**Work instructions**
Omit all pictures. Quote only the lines from the one with "Assorted Asian-inspired dishes" through the end of the material below.
(Information shown)
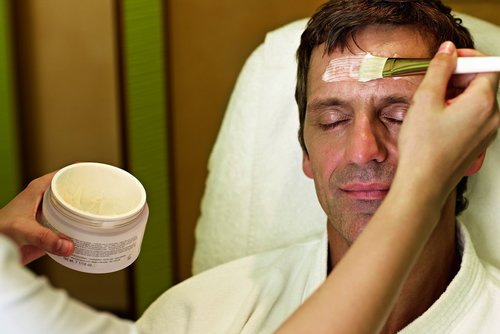 Ein Mann erhält eine entspannende Gesichtsbehandlung im SPA-ROSA, während er auf einer Massageliege liegt.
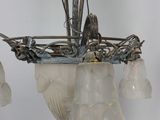 a chandelier that has a bunch of glass flowers hanging from it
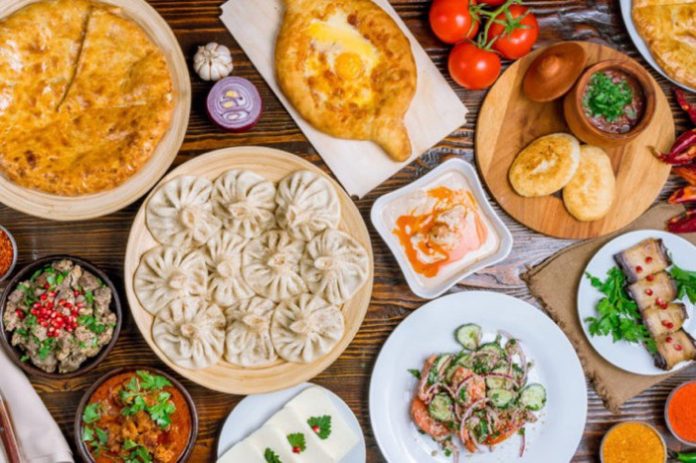 Assorted Asian-inspired dishes on a wooden table: dumplings, curry, bread, fresh tomatoes, and multiple dipping sauces.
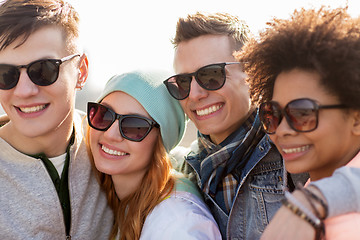 Image showing happy teenage friends in shades talking on street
(End Information shown)
**The answer**
 Assorted Asian-inspired dishes on a wooden table: dumplings, curry, bread, fresh tomatoes, and multiple dipping sauces.
 Image showing happy teenage friends in shades talking on street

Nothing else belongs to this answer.